A Roma spuntano come funghi d’autunno i comitati di quartiere; non per difendere scuole, parchi e teatri, ma contro le piste ciclabili, contro l’ampliamento dei marciapiedi, contro la pedonalizzazione delle strade. È un’alleanza trasversale, che unisce quartieri ricchi e sobborghi popolari, professionisti e bottegai, pensionati e trentenni col SUV aziendale.

Tutti infuriati con l’amministrazione comunale che tenta, faticosamente, di avvicinarsi agli standard delle altre capitali europee, togliendo spazi alle automobili per restituirli ai pedoni. Roba da radical chic, da benpensanti. L’auto, a Roma, non è un mezzo di trasporto da utilizzare solo per stretta necessità, ma un prolungamento metallico dell’ego. La maghina, come viene chiamata dentro il raccordo, è l’oggetto di culto di una religione primitiva e tossica. E il parcheggio un diritto divino, un’appendice del proprio appartamento, l’unità di misura della dignità urbana.

Si giudica il quartiere in base alla facilità con cui “si trova posto” non per la sua vivibilità, per gli spazi verdi, per l’offerta culturale. Trovare parcheggio “sotto casa” è un sacramento, chi non ci riesce maledice il sindaco, il traffico, i ciclisti, la destra e la sinistra, il mondo intero. Il 30% del traffico cittadino è causato da chi “cerca parcheggio”, ma guai a suggerire che il problema sia proprio l’eccesso di auto. Per il romano medio, la causa del traffico sono gli altri. Gli altri che guidano, gli altri che non sanno parcheggiare, gli altri che non capiscono che lui “ha fretta”. È un solipsismo motorizzato: ognuno solo dentro la propria corazza di latta, convinto di essere l’unico a dover “fare presto”.

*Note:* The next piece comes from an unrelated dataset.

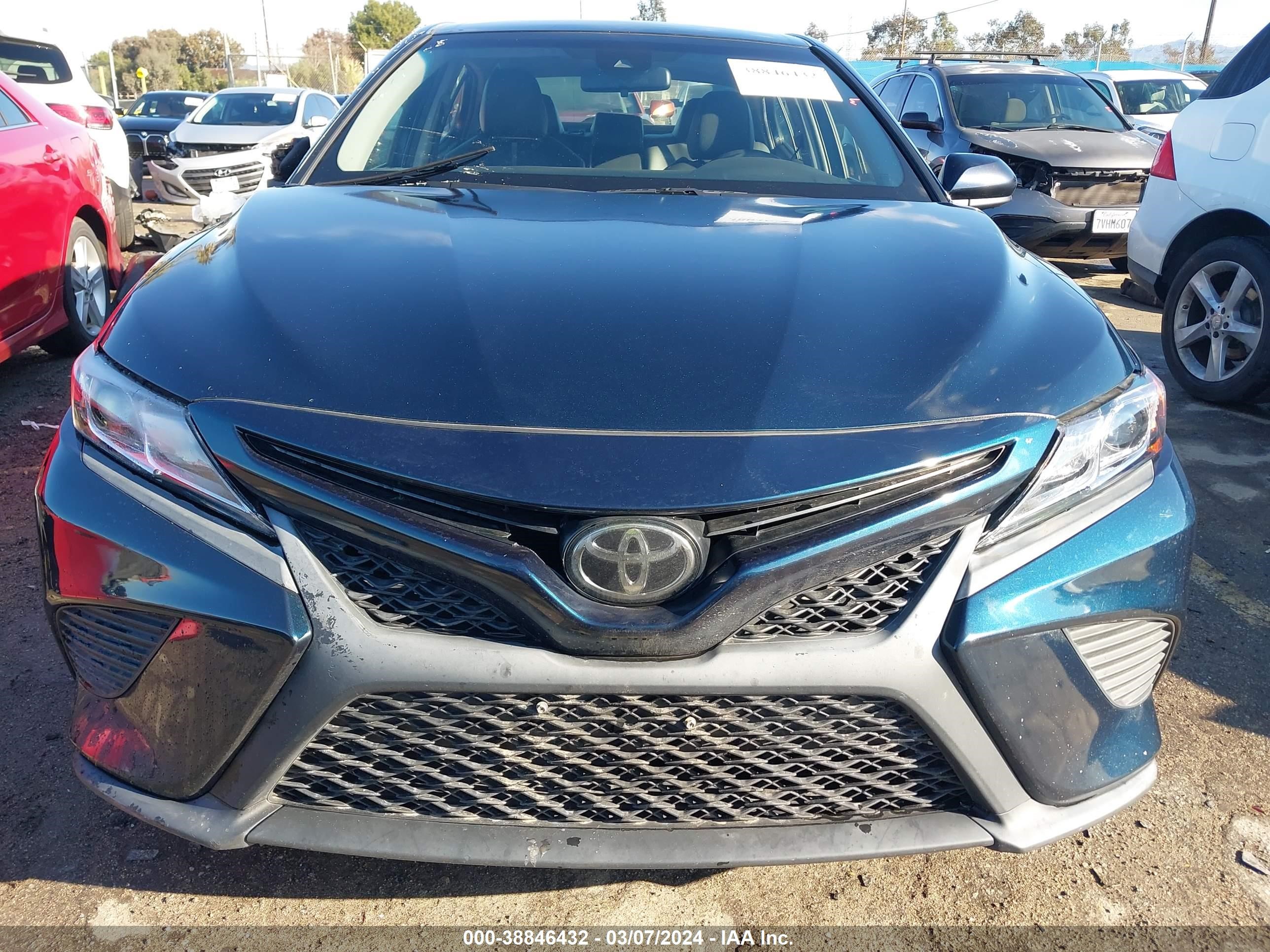 Photo 12 VIN: JTNB11HK6J3017544 - TOYOTA CAMRY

Certo, Roma ha una rete di trasporti inadeguata per le sue dimensioni, appena tre linee di metropolitana e migliaia di autobus perennemente intrappolati nel traffico. Ma è anche la metropoli dell’Ue con più automobili per abitante e quella in cui si commettono più infrazioni stradali, (il 37% dei veicoli è quotidianamente parcheggiato in sosta vietata secondo i dati di Legambiente). Non sarà forse la quantità ciclopica di macchine che occupano le corsie preferenziali, che si arrampicano sui marciapiedi, che bloccano gli incroci perché volevano passare con il semaforo giallo e via dicendo a paralizzare cronicamente la mobilità cittadina?

Il romano ama la sua macchina ma ne è schiavo, come un tossicodipendente e come un tossicodipendente perde contatto con la realtà, con il buon senso. Prende la Toyota per andare a comprare i croccantini “maxi” per il labrador a cinquecento metri da casa, poi la lascia in doppia fila (la sua zona grigia della morale) con le quattro frecce accese come se fossero una cauzione per poter infrangere il codice stradale. «Sto cinque minuti», «non dà fastidio a nessuno», «so’ solo due ruote sopra il marciapiede».

Intanto Roma si è trasformata in una distesa di lamiere immobili, dal Colosseo a Trastevere ogni paesaggio è incorniciato da un cofano metallizzato, mentre l’urlo dei clacson è la sgraziata colonna sonora della frustrazione urbana.

La verità è che Roma ha un problema di mentalità. Mentre Parigi chiude i boulevard alle auto, Madrid trasforma i parcheggi in piazze con giardini e fontane e Berlino riempie le strade di biciclette vietando l’accesso ai motori, il romano medio protesta se si costruisce una rotonda o se aggiungono tre colonne per la ricarica di veicoli elettrici. Nelle altre capitali si discute di mobilità sostenibile; qui, del posto davanti al portone. È la differenza tra chi pensa la città come spazio comune e chi la vive come una succursale del proprio garage. Tra chi protegge i propri centri storici e chi li lascia in balia a ogni ora del giorno di furgoncini di carico e scarico merci.

In fondo, la fenomenologia del maghinaro è la radiografia impietosa di un’idea di libertà che non sa convivere con il limite. Il romano vuole spostarsi come vuole, fermarsi dove vuole, credendo che la città debba adattarsi a lui, non il contrario. E finché il parcheggio resterà il suo orizzonte, la città resterà ferma anche quando sembra muoversi.

C’è una battuta attribuita a Winston Churchill: «Nel capitalismo ci sono troppe macchine, nel socialismo troppi parcheggi». A Roma siamo riusciti nel miracolo di avere entrambe le cose: troppe macchine e troppi parcheggi, eppure mai abbastanza per saziare la nostra fame d’asfalto e la fede incrollabile nell’unica divinità rimasta, quella con le ruote.